Selamat datang!! Silakan Anda mengutip semua artikel yang ada di kami tapi Anda harus menyertakan saya sebagai penulisnya

Rabu, 27 September 2023

Topi Tentara Keberuntungan

 

 

Zaman sebelum reformasi sudah menjadi rahasia umum kalau polisi akan sangat keder jika sampai menilang tentara (ABRI), jika sampai ada yang nekat melakukan hal tersebut, bisa-bisa mereka babak belur dibuatnya. Berhubungan dengan ironi itu, Pak Dayat punya cerita menarik soal kegemarannya memakai topi motif tentara (doreng) jika keluar kota.

Suatu ketika, Madrasah butuh mesin ketik kebetulan ada dana yang bisa dipakai untuk membelinya. Sekalian juga Pak Dayat ingin merasakan mobil Pak Bondan yang baru dibeli beberapa waktu yang lalu.

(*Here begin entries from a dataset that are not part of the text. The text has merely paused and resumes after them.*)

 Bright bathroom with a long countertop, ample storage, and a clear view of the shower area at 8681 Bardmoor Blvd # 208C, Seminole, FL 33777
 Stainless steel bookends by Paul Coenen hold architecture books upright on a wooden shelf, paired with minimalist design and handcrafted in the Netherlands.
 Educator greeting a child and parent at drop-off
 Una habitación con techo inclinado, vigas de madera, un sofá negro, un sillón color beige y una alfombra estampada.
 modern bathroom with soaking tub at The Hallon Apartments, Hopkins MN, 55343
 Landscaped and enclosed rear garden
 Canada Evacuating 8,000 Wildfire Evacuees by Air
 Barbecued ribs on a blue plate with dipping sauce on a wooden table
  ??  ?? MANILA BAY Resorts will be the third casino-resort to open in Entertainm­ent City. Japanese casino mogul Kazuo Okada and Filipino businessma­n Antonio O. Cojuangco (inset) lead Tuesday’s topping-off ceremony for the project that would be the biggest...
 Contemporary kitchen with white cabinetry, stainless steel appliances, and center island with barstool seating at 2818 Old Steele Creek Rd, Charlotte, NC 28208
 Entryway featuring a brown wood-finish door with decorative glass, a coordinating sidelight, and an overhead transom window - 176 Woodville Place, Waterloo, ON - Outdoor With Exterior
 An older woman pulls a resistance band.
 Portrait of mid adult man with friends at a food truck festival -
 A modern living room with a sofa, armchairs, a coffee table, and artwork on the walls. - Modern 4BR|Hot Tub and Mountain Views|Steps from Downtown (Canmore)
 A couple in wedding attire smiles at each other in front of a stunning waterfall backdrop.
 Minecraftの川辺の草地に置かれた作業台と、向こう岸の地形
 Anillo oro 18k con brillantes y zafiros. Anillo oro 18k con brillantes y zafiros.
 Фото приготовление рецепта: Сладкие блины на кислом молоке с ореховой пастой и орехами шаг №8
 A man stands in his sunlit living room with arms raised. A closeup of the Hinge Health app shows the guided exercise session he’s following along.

Singkat cerita tibalah mereka berdua di Surabaya. Mesin ketik pun terbeli. Sayangnya ketika memundurkan mobil tak sengaja mobil menabrak becak yang kebetulan ada penumpangnya. Tentu saja sang penumpang terjengkang berbarengan dengan becak yang terguling. Pak Bondan yang merasa baru punya mobil tanpa sadar berteriak: “Lho mobilku penyok, gimana ini?” jika ini diteriakkan waktu menabrak benda mati tentu tak jadi soal, masalahnya sewaktu berbicara begitu penumpang becak masih belum bisa bangun dan abang becak masih terduduk di aspal.

Tentu saja polisi yang dekat situ langsung menghampiri. “Maaf, Pak, ada yang bisa saya bantu?”

Pak Dayat yang paling nggak suka urusan dengan polisi langsung nyerocos, “Nggak Pak, lagian Bapak nggak akan bantu tapi malah merepoti saya nanti!”

“Lho, ada kecelakaan begini adalah tanggung jawab saya, mungkin Anda perlu ke kantor dulu untuk menyelesaikan masalah ini.”

“Masalah yang apa, Pak. Becak ini yang ngawur, sudah tahu kami mundur main tabrak saja.”

Abang becak yang merasa tak bersalah langsung saja berteriak, “Siapa yang nabrak, sampeyan saja yang mundur nggak pakai kernet, lihat tubuh saya lecet semua.”

Pak Polisi menengahi, “Sudah, Pak, sebaiknya semua diselesaikan di kantor polisi saja. Mari ikut saya.”

Pak Bondan jadi berani, “Nggak usah, Pak. Jelas-jelas becak ini tadi yang menabrak saya, koq.”

“Bagaimanapun mobil Anda yang salah.”

Pak Dayat baru ingat kalau pakai topi doreng tentara. “Anda masih mau memaksa saya, apa mau saya telponkan dulu atasan saya, soalnya saya keluar ini tadi atas perintah beliau.” Pak polisi keningnya berkerut. Merasa di atas angin Pak Dayat melanjutkan, “Itu ada telpon umum[1] mungkin Anda juga perlu ikut saya untuk ngomong dengan beliau.”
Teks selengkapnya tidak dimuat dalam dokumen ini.